## Work order:
Using the entries that follow, transcribe only the lines from the line with "Camping Hammock with" to the line with "Weitere Informationen zur", both included, exactly as they stand and without pictures.

** Given records follows **

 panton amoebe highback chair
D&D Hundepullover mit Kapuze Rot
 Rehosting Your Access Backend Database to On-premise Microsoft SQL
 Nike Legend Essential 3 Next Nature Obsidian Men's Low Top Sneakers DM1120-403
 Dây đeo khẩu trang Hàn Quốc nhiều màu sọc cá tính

** End of Given records **
** Given records follows **

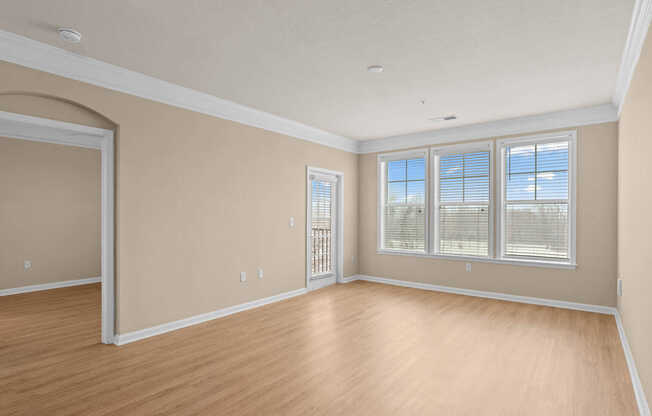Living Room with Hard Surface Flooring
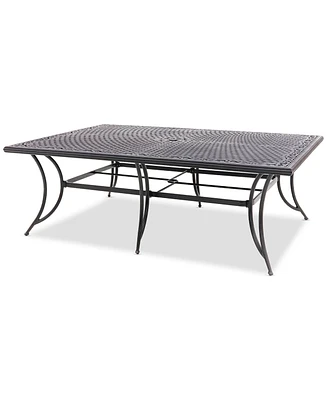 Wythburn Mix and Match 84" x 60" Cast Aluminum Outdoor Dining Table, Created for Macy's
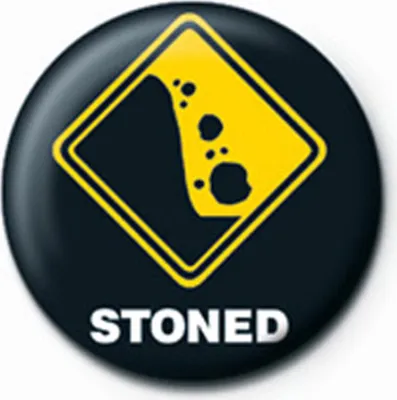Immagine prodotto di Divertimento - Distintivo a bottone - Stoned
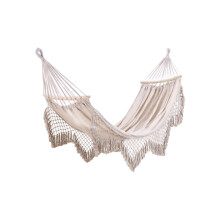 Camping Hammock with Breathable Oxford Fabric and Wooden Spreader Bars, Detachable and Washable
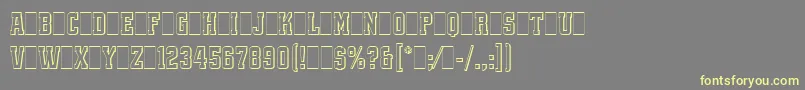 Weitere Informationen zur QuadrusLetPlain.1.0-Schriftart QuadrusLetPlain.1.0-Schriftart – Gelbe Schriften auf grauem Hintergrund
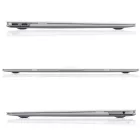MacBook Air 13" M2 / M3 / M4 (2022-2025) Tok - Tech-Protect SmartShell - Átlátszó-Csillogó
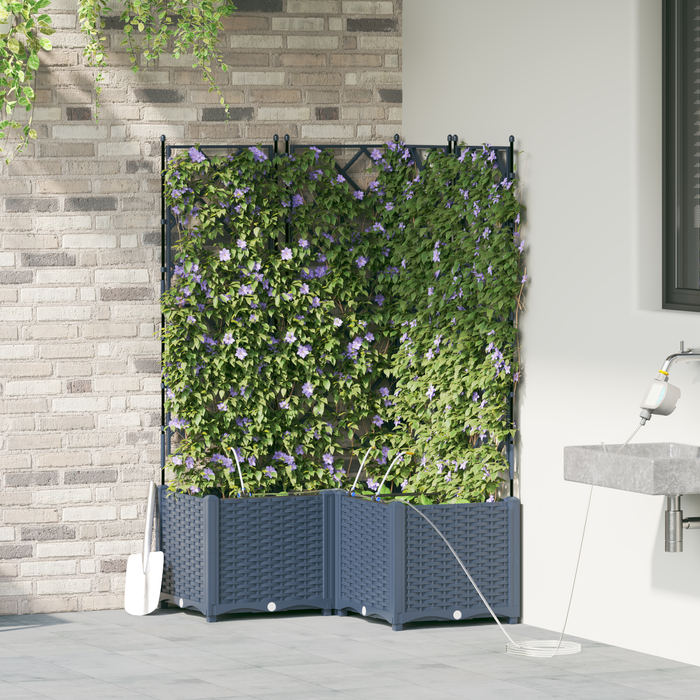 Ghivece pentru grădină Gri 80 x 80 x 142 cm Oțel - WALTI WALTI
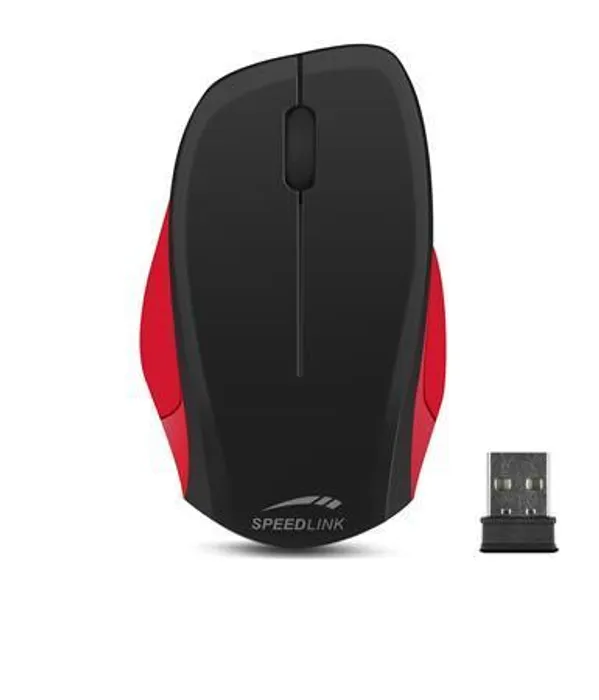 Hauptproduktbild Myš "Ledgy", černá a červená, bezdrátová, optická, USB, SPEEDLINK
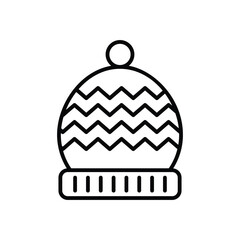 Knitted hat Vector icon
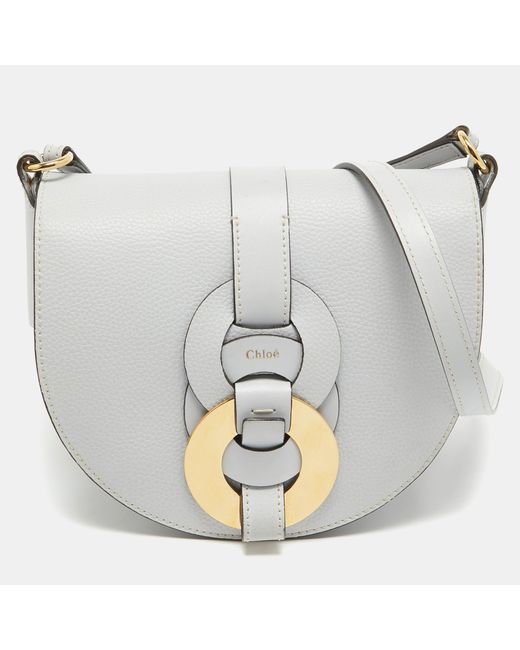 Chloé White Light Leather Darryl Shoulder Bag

** End of Given records **

## Exercise response:
 Camping Hammock with Breathable Oxford Fabric and Wooden Spreader Bars, Detachable and Washable
 Weitere Informationen zur QuadrusLetPlain.1.0-Schriftart QuadrusLetPlain.1.0-Schriftart – Gelbe Schriften auf grauem Hintergrund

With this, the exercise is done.